The time has come to reserve some categories of antibiotics for human treatment only and not allow them to be used in veterinary medicine!
In addition, we must improve the use of preventive measures and emphasize reduced and more correct use of antibiotics. If we do not take efficient actions worldwide, we face a future without effective antibiotics.
FAO must take a lead role as key organisation for global food security.
We applaud the leading role and commitment the FAO has taken on sustainable management of genetic resources for food and agriculture. I encourage the Conference to approve the draft resolution on the Commission and its contribution to Agenda 2030.
FAO has a vital role to play in providing resource assessments for sustainable forest management. We trust that FAO will continue to develop the Forest Resource Assessment in a way that it will remain the main source of information on forest resources.

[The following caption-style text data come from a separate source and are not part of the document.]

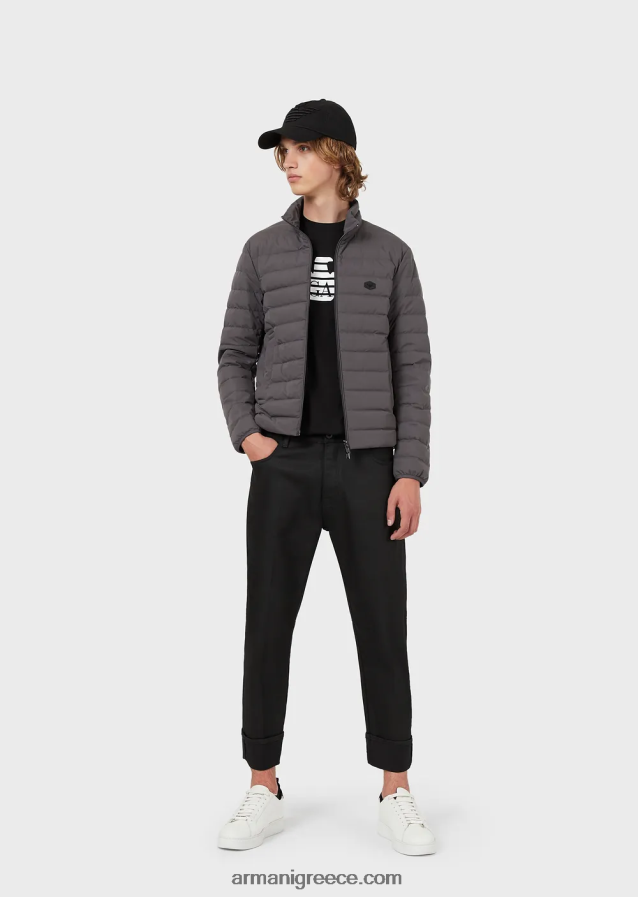άνδρες Armani καπιτονέ νάιλον πουπουλένιο μπουφάν 4046R61329 γκρί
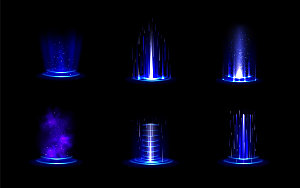 蓝色科技感光束光环矢量元素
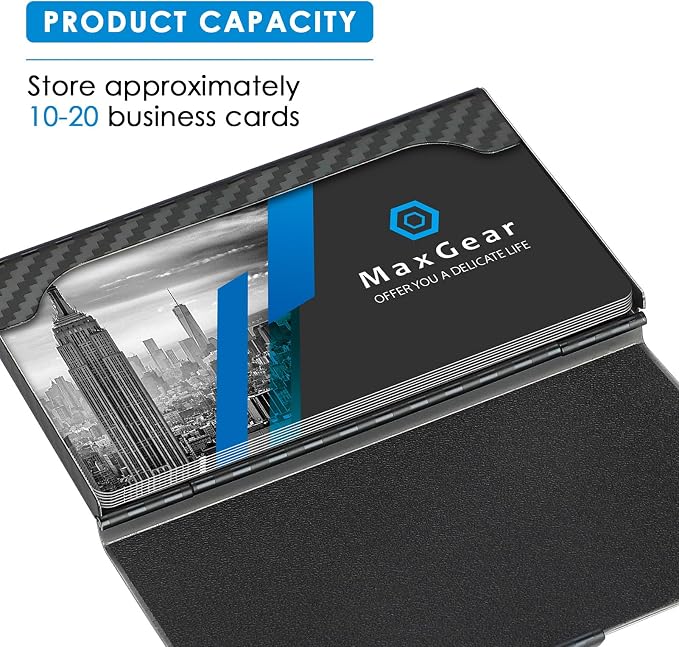 MaxGear Stainless Steel Business Card Holder, Slim Card Case, Buckle Closure - Image 4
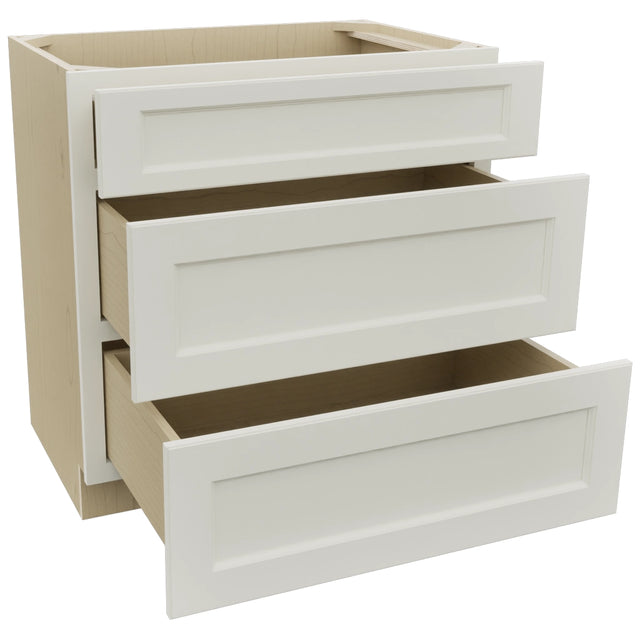 Fabuwood Fusion Dove VDB33-34 Vanity Drawer Cabinet, Open View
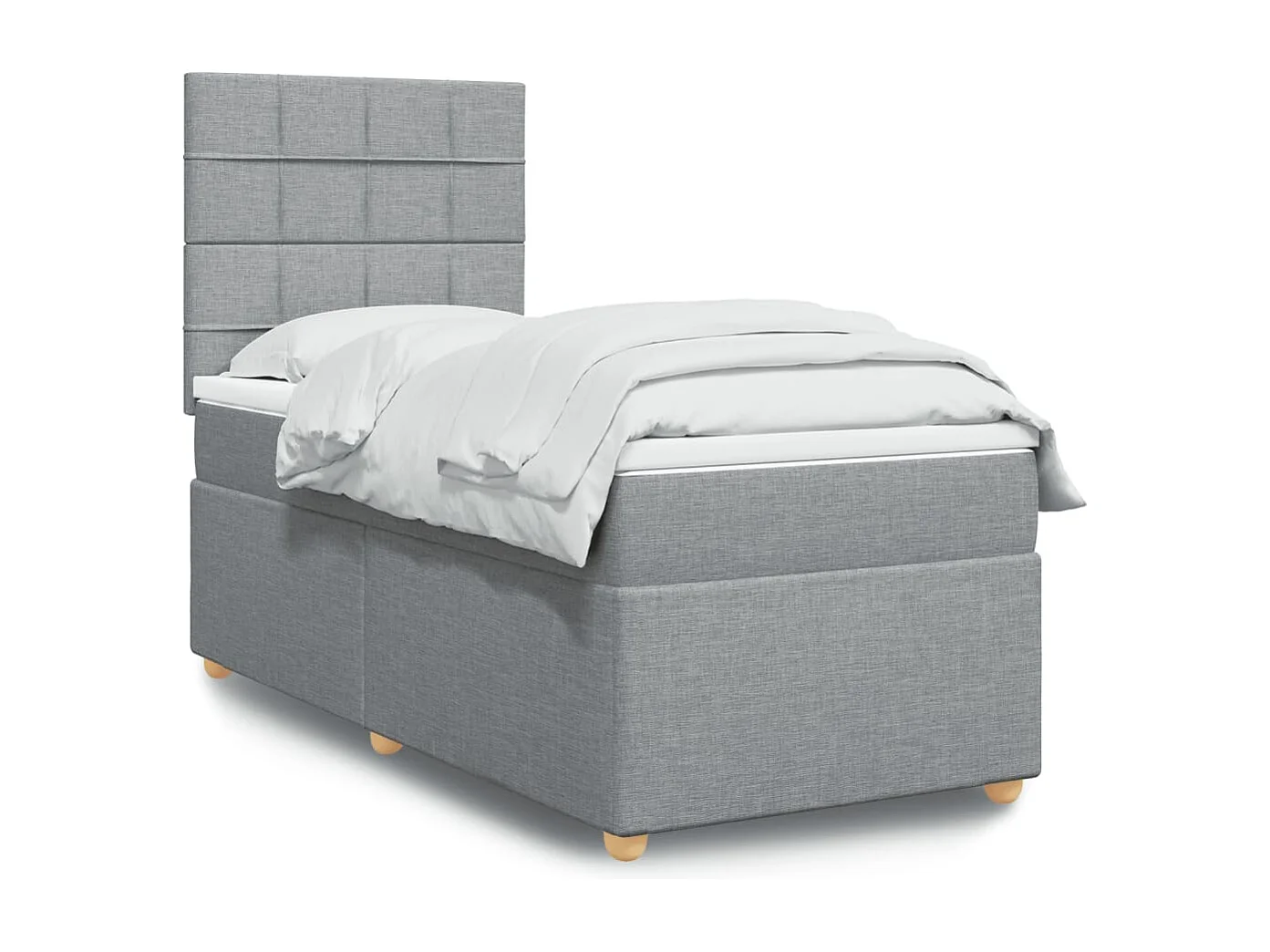 Boxspring met matras stof lichtgrijs 90x200 cm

Forests are of fundamental importance in the light of Agenda 2030 and the Paris Agreement on climate change. Norway has been a leading contributor to efforts aimed at reducing emissions from deforestations and forest degradation in developing countries for a decade.
We remain committed to this agenda in the years to come and look forward to cooperate with FAO and others to curb tropical deforestation.
We commend FAO for its expertise and visibility in the area of managing marine resources sustainably. In March, a 43 year long cooperation in fisheries research between FAO, Norway and several coastal states was assured continuity through the new research vessel Dr. Fridtjof Nansen number 3.
In May, we were hosting the first meeting of the parties to the agreement on state port measures to combat illegal, unreported and unregulated fishing.
To sum up, FAO’s unique role as a trusted centre of technical excellence, translated into policy, norms and reality is more needed than ever: in the fields of agriculture and climate, genetic resources, AMR, sustainable management of marine and forest resources – to mention a few of high priority for Norway.
I wish us all a fruitful week of discussions – thank you for your attention!